Auch im Rahmen grosszügig gewährter Freiheiten muss aber sichergestellt sein, dass Kunden- und Unternehmens-Interessen und Gesetze gewahrt werden. Und da eine Erzwingung von oben die kostbaren Fachkräfte verschrecken könnte, ist die Gewährung von Selbstorganisation oft der beste Weg um zur Einhaltung dieser Vorgaben zu kommen - ihre Umsetzung wird einfach in die Verantwortung von selbstorganisierten Teams übergeben.

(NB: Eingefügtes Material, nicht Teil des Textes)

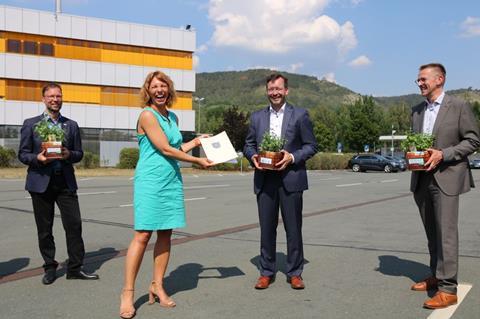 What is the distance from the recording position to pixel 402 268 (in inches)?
243

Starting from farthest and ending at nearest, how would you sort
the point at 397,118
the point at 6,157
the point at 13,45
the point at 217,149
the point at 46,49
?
the point at 397,118
the point at 46,49
the point at 13,45
the point at 6,157
the point at 217,149

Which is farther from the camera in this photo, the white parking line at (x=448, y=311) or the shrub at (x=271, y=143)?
the shrub at (x=271, y=143)

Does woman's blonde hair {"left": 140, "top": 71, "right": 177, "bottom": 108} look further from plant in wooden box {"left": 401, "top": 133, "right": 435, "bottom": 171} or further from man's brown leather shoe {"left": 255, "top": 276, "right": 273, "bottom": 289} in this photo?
plant in wooden box {"left": 401, "top": 133, "right": 435, "bottom": 171}

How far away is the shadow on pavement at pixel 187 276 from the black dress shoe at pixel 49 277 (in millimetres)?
1130

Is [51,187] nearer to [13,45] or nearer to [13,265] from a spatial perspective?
[13,265]

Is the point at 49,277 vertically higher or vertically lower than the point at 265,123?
lower

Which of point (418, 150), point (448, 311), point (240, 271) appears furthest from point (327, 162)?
point (448, 311)

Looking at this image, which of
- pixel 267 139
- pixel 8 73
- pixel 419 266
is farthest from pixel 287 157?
pixel 8 73

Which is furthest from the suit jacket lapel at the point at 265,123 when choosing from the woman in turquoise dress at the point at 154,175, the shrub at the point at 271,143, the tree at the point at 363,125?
the tree at the point at 363,125

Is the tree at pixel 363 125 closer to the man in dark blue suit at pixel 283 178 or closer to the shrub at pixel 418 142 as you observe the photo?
the man in dark blue suit at pixel 283 178

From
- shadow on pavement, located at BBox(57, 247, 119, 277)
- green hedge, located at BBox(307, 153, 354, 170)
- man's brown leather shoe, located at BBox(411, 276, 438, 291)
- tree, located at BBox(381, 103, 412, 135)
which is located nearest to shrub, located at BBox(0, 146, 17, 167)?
green hedge, located at BBox(307, 153, 354, 170)

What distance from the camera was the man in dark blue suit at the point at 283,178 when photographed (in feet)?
17.3

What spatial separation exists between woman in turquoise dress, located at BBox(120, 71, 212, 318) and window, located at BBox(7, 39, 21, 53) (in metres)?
40.1

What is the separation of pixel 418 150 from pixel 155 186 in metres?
2.32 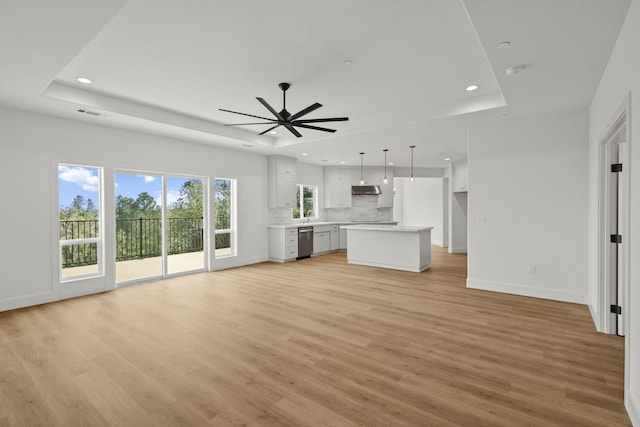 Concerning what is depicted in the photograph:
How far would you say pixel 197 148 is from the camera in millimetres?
6527

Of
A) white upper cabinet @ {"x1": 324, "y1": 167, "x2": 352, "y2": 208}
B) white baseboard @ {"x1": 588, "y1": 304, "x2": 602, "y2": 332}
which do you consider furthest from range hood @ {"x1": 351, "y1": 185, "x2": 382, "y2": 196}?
white baseboard @ {"x1": 588, "y1": 304, "x2": 602, "y2": 332}

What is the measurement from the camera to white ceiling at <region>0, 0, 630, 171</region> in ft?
7.77

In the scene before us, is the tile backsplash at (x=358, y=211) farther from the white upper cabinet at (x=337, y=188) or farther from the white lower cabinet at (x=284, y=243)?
the white lower cabinet at (x=284, y=243)

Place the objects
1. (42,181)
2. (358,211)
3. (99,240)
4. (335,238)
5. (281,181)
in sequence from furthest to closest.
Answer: (358,211) → (335,238) → (281,181) → (99,240) → (42,181)

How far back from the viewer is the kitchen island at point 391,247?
21.8 ft

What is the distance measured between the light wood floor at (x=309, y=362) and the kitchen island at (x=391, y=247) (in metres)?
1.87

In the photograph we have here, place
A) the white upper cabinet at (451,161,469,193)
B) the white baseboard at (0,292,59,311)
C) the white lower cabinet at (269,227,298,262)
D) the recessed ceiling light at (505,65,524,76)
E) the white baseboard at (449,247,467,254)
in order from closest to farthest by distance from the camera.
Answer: the recessed ceiling light at (505,65,524,76)
the white baseboard at (0,292,59,311)
the white lower cabinet at (269,227,298,262)
the white upper cabinet at (451,161,469,193)
the white baseboard at (449,247,467,254)

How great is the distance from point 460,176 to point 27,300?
970 cm

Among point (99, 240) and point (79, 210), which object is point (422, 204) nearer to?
point (99, 240)

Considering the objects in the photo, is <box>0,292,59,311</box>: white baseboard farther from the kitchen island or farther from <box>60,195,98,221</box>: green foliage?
the kitchen island

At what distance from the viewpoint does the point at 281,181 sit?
26.9 feet

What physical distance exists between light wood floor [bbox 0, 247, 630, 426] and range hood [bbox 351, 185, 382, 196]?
5689 mm

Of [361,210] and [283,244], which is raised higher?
[361,210]

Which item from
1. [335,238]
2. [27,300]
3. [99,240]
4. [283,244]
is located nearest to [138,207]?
[99,240] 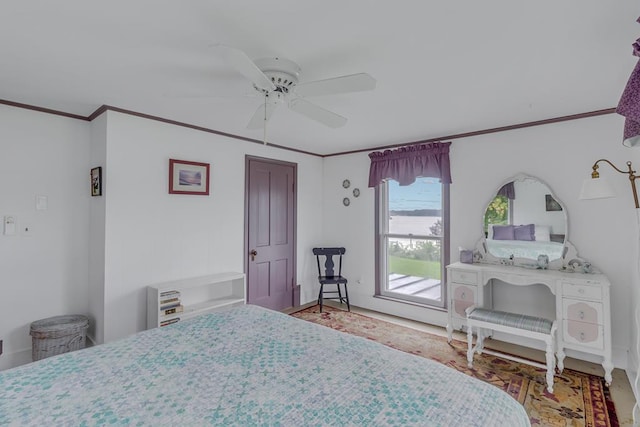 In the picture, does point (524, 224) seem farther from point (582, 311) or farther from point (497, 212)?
point (582, 311)

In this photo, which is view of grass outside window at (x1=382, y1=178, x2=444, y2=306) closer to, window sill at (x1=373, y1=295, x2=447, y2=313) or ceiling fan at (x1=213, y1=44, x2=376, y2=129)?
window sill at (x1=373, y1=295, x2=447, y2=313)

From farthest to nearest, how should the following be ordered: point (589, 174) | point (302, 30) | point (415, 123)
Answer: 1. point (415, 123)
2. point (589, 174)
3. point (302, 30)

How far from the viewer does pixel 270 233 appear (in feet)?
14.4

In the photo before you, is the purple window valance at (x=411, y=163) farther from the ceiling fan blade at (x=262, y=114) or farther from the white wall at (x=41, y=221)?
the white wall at (x=41, y=221)

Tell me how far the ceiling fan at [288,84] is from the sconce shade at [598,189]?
211 cm

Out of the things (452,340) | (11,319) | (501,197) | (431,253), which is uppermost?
(501,197)

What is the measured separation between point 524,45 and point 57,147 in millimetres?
3934

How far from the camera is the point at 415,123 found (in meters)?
3.31

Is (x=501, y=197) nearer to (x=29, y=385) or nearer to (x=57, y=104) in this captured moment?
(x=29, y=385)

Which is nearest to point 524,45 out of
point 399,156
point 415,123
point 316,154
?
point 415,123

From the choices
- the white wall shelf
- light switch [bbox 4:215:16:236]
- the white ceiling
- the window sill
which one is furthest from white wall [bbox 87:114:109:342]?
the window sill

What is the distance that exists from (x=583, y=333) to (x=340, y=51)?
3.00 metres

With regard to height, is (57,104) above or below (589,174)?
above

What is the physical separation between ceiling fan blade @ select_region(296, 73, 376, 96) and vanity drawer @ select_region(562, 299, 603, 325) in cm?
258
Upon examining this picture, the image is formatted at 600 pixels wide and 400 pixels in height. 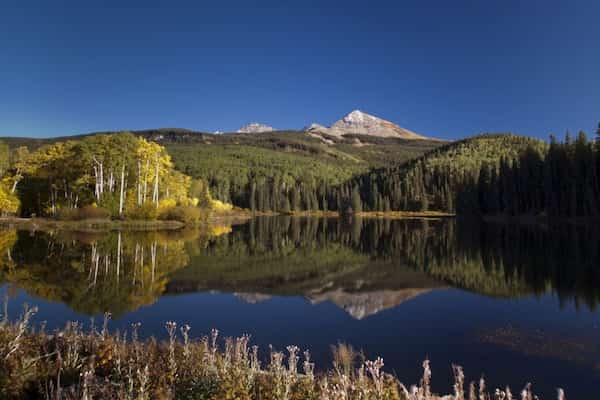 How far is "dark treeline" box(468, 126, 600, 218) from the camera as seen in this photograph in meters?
76.3

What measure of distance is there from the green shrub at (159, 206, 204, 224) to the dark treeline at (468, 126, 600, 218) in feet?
225

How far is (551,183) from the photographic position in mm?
85000

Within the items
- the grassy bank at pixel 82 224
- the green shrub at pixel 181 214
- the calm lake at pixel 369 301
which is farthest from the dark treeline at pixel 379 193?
the calm lake at pixel 369 301

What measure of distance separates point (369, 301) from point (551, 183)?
83.7 meters

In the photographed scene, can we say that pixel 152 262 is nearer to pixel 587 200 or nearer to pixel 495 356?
pixel 495 356

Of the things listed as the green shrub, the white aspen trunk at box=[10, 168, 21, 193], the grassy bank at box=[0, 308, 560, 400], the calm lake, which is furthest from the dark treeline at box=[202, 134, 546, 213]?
the grassy bank at box=[0, 308, 560, 400]

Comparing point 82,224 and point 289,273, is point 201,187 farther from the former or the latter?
point 289,273

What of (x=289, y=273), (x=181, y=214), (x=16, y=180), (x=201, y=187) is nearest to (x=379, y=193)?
(x=201, y=187)

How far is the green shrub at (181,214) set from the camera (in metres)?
61.0

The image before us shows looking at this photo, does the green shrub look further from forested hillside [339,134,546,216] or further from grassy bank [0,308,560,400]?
forested hillside [339,134,546,216]

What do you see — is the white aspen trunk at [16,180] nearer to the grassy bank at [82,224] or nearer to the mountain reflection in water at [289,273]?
the grassy bank at [82,224]

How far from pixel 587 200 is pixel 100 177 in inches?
3269

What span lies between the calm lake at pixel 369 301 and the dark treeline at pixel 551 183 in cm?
5454

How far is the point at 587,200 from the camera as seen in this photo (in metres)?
74.4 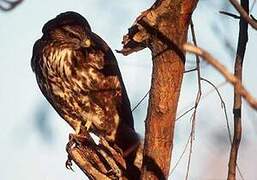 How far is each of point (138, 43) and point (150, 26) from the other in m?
0.11

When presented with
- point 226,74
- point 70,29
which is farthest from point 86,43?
point 226,74

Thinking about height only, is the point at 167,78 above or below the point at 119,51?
below

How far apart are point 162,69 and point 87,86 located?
4.59 ft

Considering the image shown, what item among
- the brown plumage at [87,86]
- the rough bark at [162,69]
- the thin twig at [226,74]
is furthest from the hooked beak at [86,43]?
the thin twig at [226,74]

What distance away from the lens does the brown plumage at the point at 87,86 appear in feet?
10.3

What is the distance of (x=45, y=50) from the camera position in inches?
133

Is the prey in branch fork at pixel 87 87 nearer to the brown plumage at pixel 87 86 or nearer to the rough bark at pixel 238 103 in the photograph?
the brown plumage at pixel 87 86

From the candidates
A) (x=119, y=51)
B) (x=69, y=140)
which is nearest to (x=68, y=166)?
(x=69, y=140)

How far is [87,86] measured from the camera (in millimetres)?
3143

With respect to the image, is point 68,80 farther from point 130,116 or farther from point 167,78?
point 167,78

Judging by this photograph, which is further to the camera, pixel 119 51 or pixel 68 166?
pixel 68 166

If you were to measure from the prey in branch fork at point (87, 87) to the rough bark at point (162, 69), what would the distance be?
3.89 feet

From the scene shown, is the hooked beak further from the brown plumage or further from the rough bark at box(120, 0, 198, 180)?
the rough bark at box(120, 0, 198, 180)

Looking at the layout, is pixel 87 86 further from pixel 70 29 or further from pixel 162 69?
Result: pixel 162 69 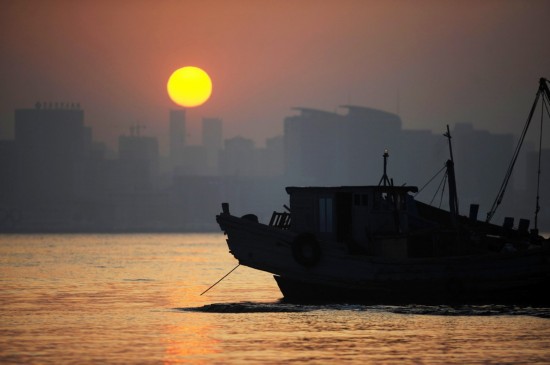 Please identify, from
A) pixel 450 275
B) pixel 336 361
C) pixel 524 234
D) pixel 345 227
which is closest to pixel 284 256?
pixel 345 227

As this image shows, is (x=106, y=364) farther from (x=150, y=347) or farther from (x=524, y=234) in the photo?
(x=524, y=234)

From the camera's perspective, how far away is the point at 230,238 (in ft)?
202

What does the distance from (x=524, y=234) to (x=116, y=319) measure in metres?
20.9

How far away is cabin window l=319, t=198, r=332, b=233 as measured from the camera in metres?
59.5

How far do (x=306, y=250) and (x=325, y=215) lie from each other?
7.83ft

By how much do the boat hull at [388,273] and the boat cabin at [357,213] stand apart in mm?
1295

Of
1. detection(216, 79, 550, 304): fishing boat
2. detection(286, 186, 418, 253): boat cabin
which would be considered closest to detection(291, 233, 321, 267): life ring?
detection(216, 79, 550, 304): fishing boat

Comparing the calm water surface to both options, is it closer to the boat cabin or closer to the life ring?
the life ring

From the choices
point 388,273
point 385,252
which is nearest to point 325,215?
point 385,252

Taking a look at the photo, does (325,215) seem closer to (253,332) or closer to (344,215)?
(344,215)

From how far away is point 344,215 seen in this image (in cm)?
5916

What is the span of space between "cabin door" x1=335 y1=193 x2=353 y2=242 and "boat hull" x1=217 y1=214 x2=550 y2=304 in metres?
1.36

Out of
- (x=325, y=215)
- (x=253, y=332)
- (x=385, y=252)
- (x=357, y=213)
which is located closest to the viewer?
(x=253, y=332)

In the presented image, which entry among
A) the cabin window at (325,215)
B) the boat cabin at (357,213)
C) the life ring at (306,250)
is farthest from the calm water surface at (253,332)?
the cabin window at (325,215) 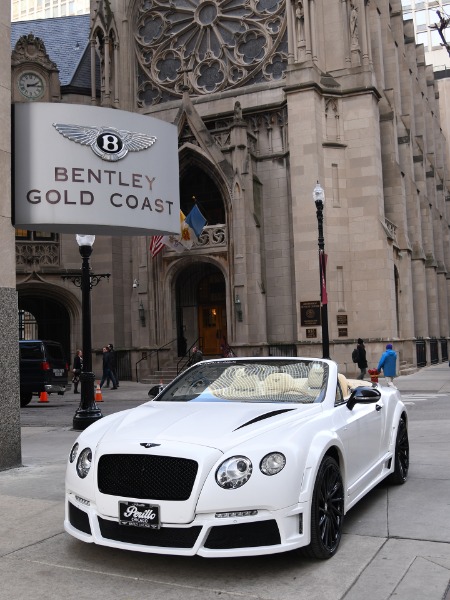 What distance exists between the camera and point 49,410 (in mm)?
18703

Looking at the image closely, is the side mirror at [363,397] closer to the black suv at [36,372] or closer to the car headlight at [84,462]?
the car headlight at [84,462]

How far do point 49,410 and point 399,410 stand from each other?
1319 centimetres

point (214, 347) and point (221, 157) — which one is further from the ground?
point (221, 157)

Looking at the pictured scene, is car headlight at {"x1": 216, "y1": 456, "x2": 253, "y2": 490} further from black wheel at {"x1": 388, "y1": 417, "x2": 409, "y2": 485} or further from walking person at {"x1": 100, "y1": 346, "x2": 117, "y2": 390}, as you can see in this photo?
walking person at {"x1": 100, "y1": 346, "x2": 117, "y2": 390}

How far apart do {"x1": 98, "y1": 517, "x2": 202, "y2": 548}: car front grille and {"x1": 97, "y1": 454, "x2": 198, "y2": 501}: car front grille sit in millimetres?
200

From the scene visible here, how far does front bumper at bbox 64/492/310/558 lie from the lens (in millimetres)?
4301

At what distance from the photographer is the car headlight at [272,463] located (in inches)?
175

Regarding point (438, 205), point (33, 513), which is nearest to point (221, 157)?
point (438, 205)

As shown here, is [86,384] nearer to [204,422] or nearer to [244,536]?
[204,422]

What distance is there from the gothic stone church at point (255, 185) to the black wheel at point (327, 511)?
21.5 m

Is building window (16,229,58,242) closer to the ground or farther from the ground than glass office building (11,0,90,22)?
closer to the ground

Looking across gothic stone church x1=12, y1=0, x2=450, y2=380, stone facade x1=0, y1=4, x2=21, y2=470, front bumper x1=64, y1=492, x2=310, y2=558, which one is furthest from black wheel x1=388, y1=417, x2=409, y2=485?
gothic stone church x1=12, y1=0, x2=450, y2=380

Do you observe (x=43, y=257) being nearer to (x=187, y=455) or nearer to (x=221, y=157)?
(x=221, y=157)

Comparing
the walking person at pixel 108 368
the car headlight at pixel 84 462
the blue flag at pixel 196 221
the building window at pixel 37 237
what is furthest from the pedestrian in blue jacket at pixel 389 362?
the building window at pixel 37 237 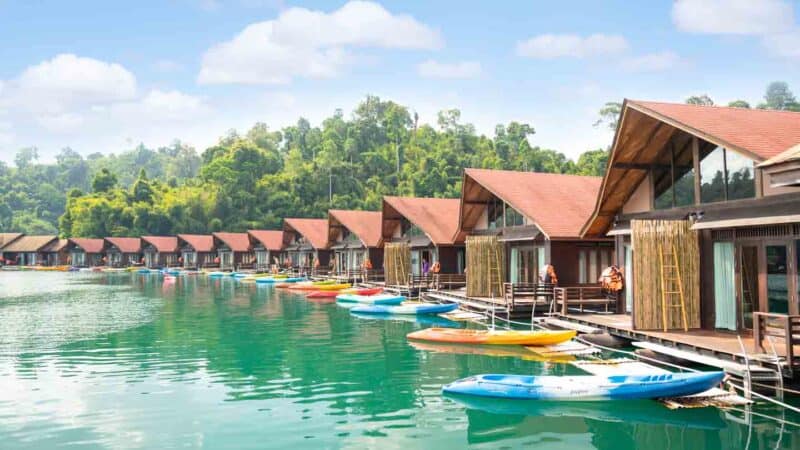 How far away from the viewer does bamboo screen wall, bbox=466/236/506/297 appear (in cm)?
2706

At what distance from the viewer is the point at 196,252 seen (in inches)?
3127

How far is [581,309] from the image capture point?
21.1m

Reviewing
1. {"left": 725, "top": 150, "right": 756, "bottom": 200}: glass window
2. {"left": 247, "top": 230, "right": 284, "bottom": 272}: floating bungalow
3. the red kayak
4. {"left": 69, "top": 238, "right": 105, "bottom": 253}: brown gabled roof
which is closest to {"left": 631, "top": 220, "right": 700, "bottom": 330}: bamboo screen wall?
{"left": 725, "top": 150, "right": 756, "bottom": 200}: glass window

Um Missverständnisse zu vermeiden: damit soll nicht gesagt sein, dass die Annahme falsch ist, dass komplexe Herausforderungen am besten durch selbstorganisierte Teams gemeistert werden können. Vieles spricht dafür, dass das tatsächlich der Fall ist. Der tatsächliche Grund für die Zulassung und Förderung von selbstorganisiertem Arbeiten ist aber sehr oft eher darin zu finden, dass Jobs in den Mangelberufen der IT attraktiv ausgestaltet werden sollen.